Stiemerling, Quittek, Cadar                                    [Page 54]

Internet Draft         SIMCO Protocol Version 3.0          December 2005


   the address tuple (outside) attribute have exactly the same values as
   the corresponding attributes of the PER reply that was sent as part
   of the PER or PEA transaction that established the policy enable
   rule.

   In the PDS reply message, the policy rule identifier attribute, the
   address tuple (internal) attribute, and the address tuple (external)
   attribute have exactly the same values as the corresponding
   attributes of the PDR request message.

   This transaction does not change the state of any policy rule.


8.7.  Processing PRL Requests

   When a middlebox receives a PRL request message, it first checks if
   the authenticated agent is authorized for receiving policy
   information.  If not, it returns a negative reply message of type
   'agent not authorized for this transaction' (0x0341).

   Then the middlebox generates a PRL reply message.  For each policy
   rule at the middlebox in state RESERVED or ENABLED, which the
   authenticated agent can access, a policy rule identifier attribute is
   generated and added to the PRL reply message before the message is
   sent to the agent.  A negative reply message of type 'reply message
   too big' (0x0313) is generated, if the number of policy rule
   attributes to be returned exceeds the maximum transport unit size of
   the underlying network connection or the maximum length of a SIMCO
   message. The total size of a SIMCO message is limited to 65,536 in
   total (see Section 4.2 for the SIMCO header).

   This transaction does not change the state of any policy rule.
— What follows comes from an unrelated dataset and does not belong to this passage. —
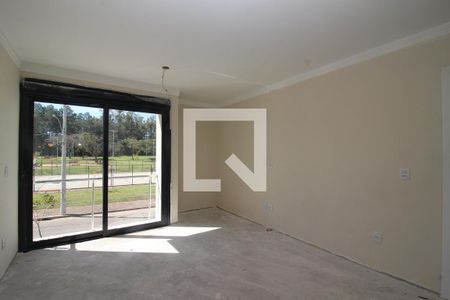 Casa para alugar com 146m², 3 quartos e 3 vagas Casa para alugar com 146m², 3 quartos e 3 vagasQuarto Suíte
8.8.  Processing PDR requests

   Processing of PDR requests is structured into five sub-sections: The
   first one describes the general extension of the MIDCOM protocol
   semantics by PDR.  The second sub-section describes the initial
   checks that are performed in any case.  The third sub-section
   describes the processing of PDR requests on pure firewalls, the
   fourth one describes processing on devices with NATs and the fifth
   sub-section describes processing of devices with combined firewall
   and NAT functions.


8.8.1.  Extending the MIDCOM semantics

   The Policy Disable Rule (PDR) extends the MIDCOM protocol semantics
   [RFC3989] by another policy rule type.  The PDR is intended to be


Stiemerling, Quittek, Cadar                                    [Page 55]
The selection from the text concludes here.